WHAT TO WORK ON:
The result should be an exact copy of the entries that follow, with no pictures included.

(Dataset excerpts)
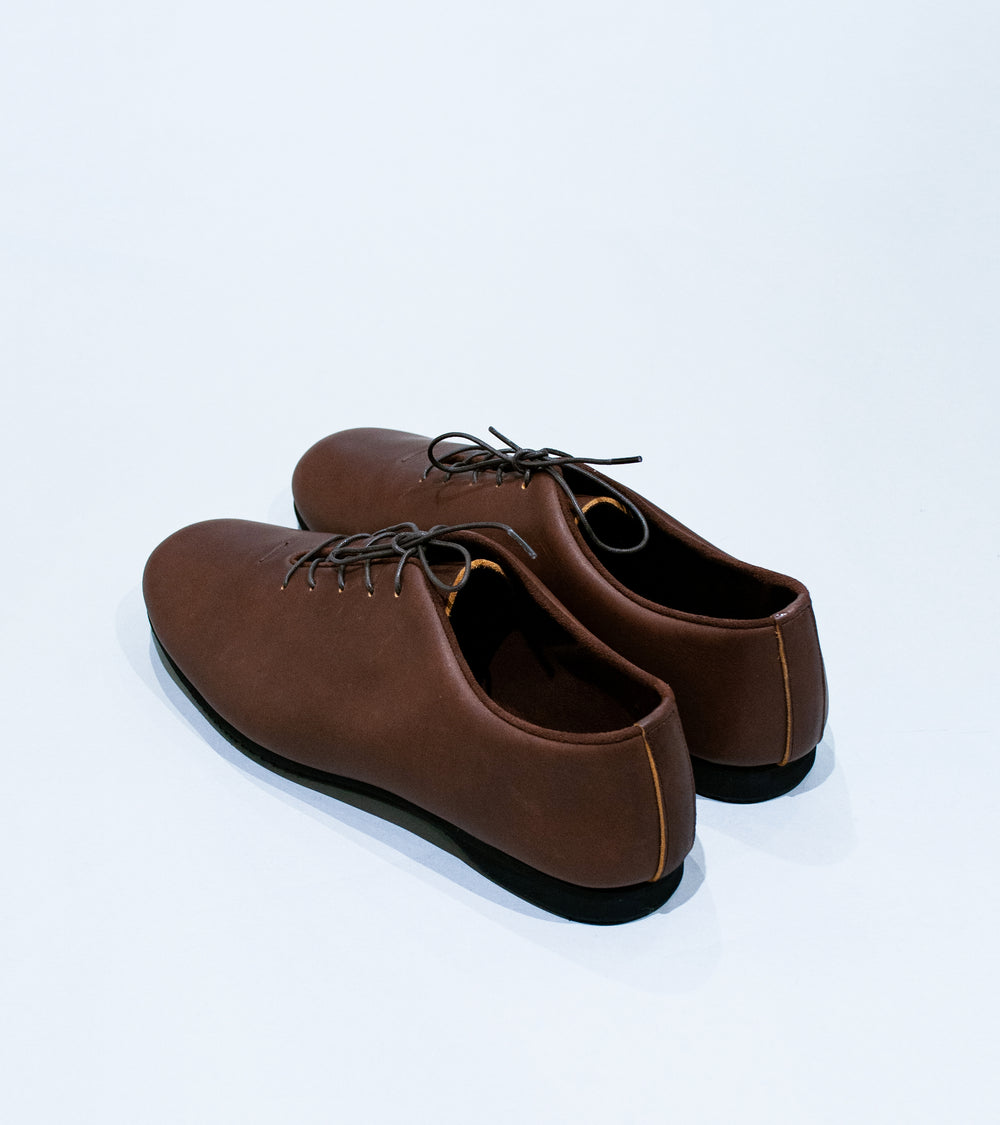 Yoko Sakamoto 'Jazz Flat Shoes' (Brown)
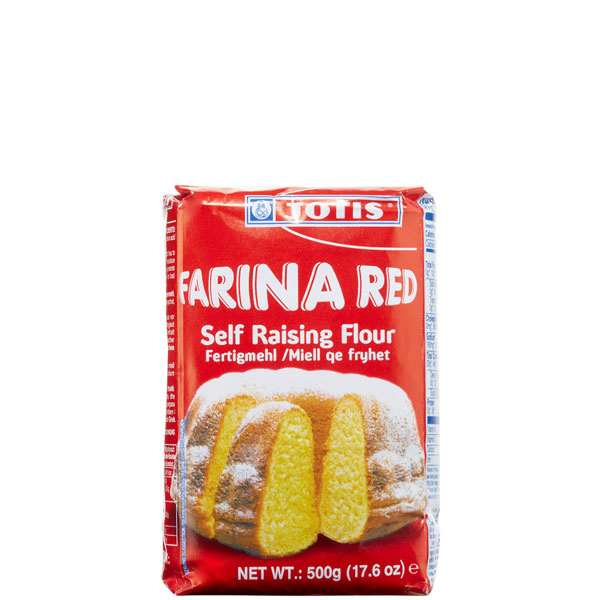 Farina Rot Mehl (500g) Jotis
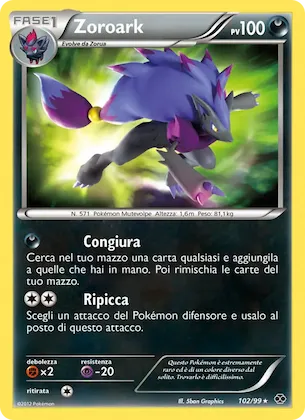 Zoroark 102 – Destini Futuri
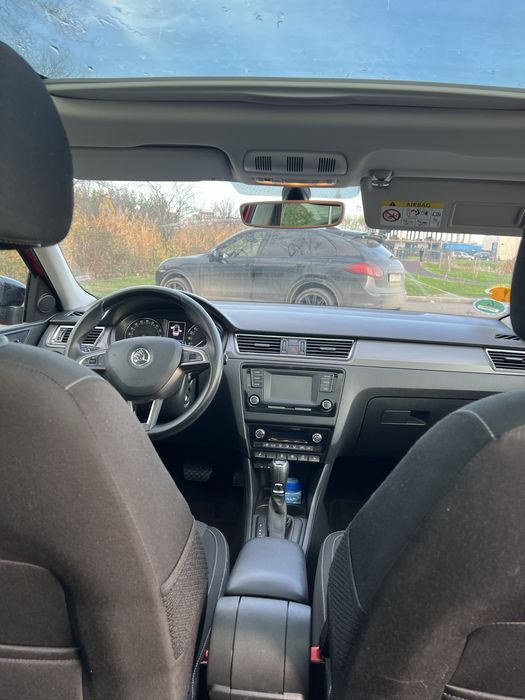 Skoda rapid 2016 dsg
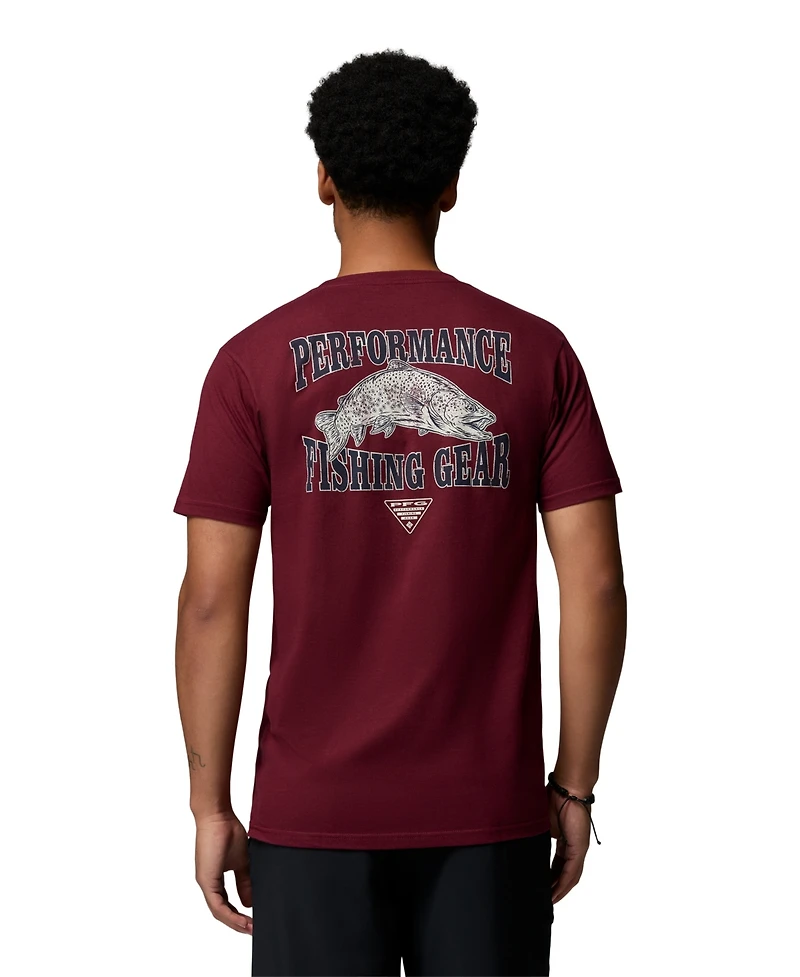 Columbia Men's Pfg Ferrule Graphic T-Shirt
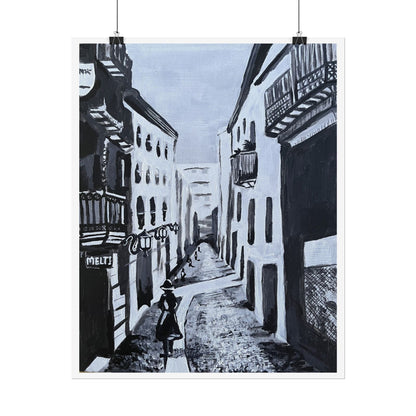 Il était une fois, une ville imprimé | print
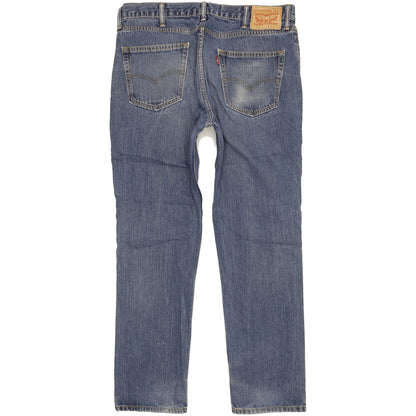 Levi's 511 Men Blue Straight Slim Jeans W38 L32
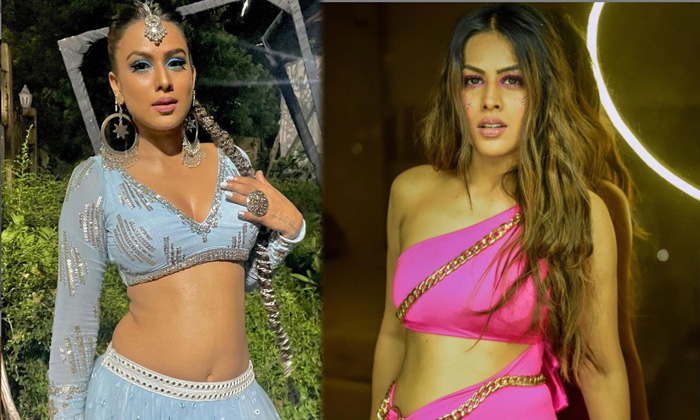 Actress Nia Sharma Looks Sizzling Hot In This Pictures-telugu Actress Photos Actress Nia Sharma Looks Sizzling Hot In Th High Resolution Photo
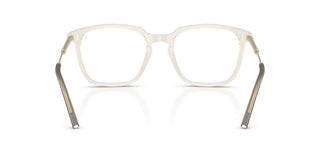 Moncler Me2012 Unisex Brown Squared Eyeglasses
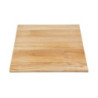 Platoo laud ruudukujuline naturaalne puit Bolero 700mm DY737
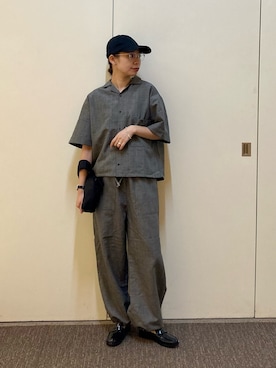 おおしまゆなさん（レディース・162cm）の夏コーディネート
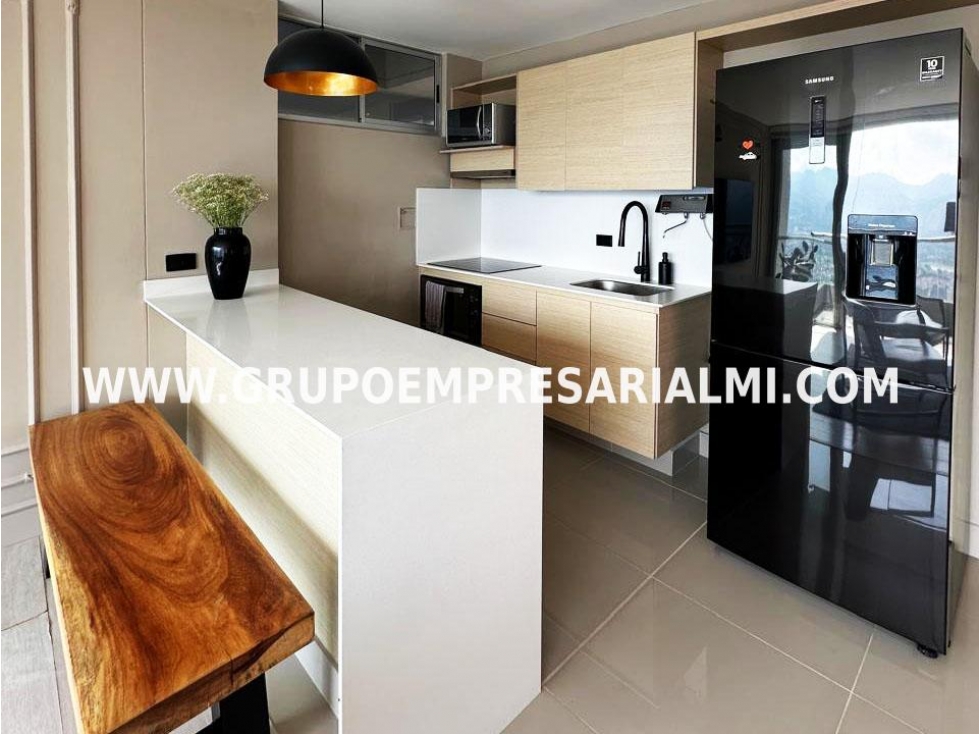 APARTAMENTO AMOBLADO EN ARRIENDO - SECTOR EL POBLADO COD: 31013 — foto 4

EXERCISE RESPONSE:
 Yoko Sakamoto 'Jazz Flat Shoes' (Brown)
 Farina Rot Mehl (500g) Jotis
 Zoroark 102 – Destini Futuri
 Skoda rapid 2016 dsg
 Columbia Men's Pfg Ferrule Graphic T-Shirt
 Il était une fois, une ville imprimé | print
 Levi's 511 Men Blue Straight Slim Jeans W38 L32
 Actress Nia Sharma Looks Sizzling Hot In This Pictures-telugu Actress Photos Actress Nia Sharma Looks Sizzling Hot In Th High Resolution Photo
 Moncler Me2012 Unisex Brown Squared Eyeglasses
 Platoo laud ruudukujuline naturaalne puit Bolero 700mm DY737
 おおしまゆなさん（レディース・162cm）の夏コーディネート
 APARTAMENTO AMOBLADO EN ARRIENDO - SECTOR EL POBLADO COD: 31013 — foto 4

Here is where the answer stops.